To validate the proposed method, we selected a typical surface water treatment plant as an experimental case study. A top–down decomposition strategy was adopted to divide the system into four subsystems, namely “System Interaction with External Environment”, “Main Water Flow Treatment”, “Wastewater Recirculation”, and “Chemical Dosing”, based on the core functions, key characteristics, and target application scenarios of the surface water treatment plant.
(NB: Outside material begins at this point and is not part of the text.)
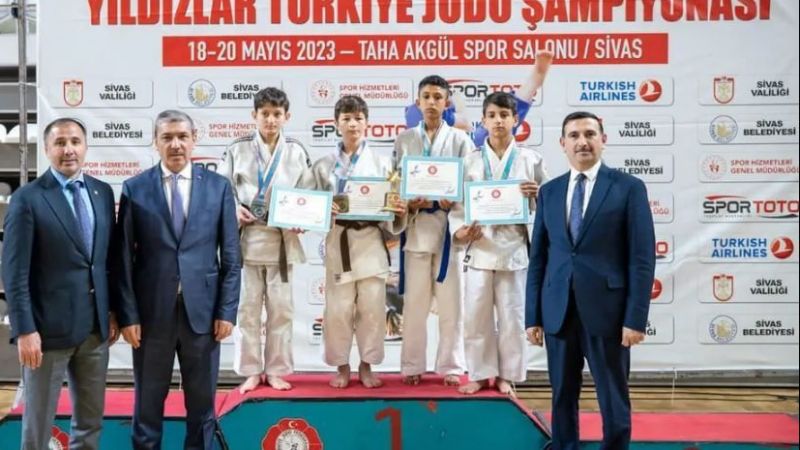 Urfalı sporcular madalya ile döndü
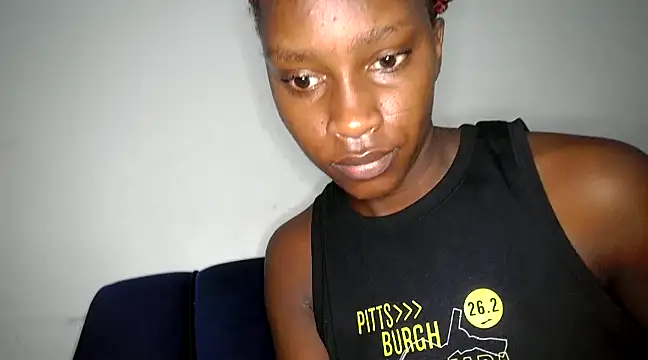 Snapshot of queen-goddess chatting on January 21, 2025, 7:47 am queen-goddess online show from January 21, 2025, 7:47 am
The System Interaction with External Environment subsystem includes raw water intake and treated water output, including components such as the external environment, rainwater collection basin, and clear water reservoir. The Main Water Flow Treatment subsystem represents the core process of rainwater purification, including components such as distribution chambers, sedimentation tanks, siphon filters, and corresponding pipelines. The Wastewater Recirculation subsystem handles the recirculation and retreatment of backwash water and sludge, including components such as pipelines, valves, and corresponding control units. The Chemical Dosing subsystem is responsible for adding chemical agents to the main water flow to improve water quality, including components such as dosing equipment and corresponding chemical feed pipelines.
In summary, the division of the water purification system into four functional subsystems clarifies the role of each component in different processes, providing a clear structural basis for the construction of component information sets and system modeling.
4.1. Construction of Component-Level Digital Twins and Information Set Description
Each Digital Twin component is defined as an independent entity with the core structure of the information set as follows: @context defines the semantic context to ensure unambiguous interpretation across components, @id serves as the globally unique identifier, @type describes the component type, basicAttributes describe basic attribute information, physicalParameters describe physical parameter information, businessParameters describe operational parameter information, and structuralMaterial describes structural material information. This section provides detailed descriptions using distribution well and pipeline1 as examples.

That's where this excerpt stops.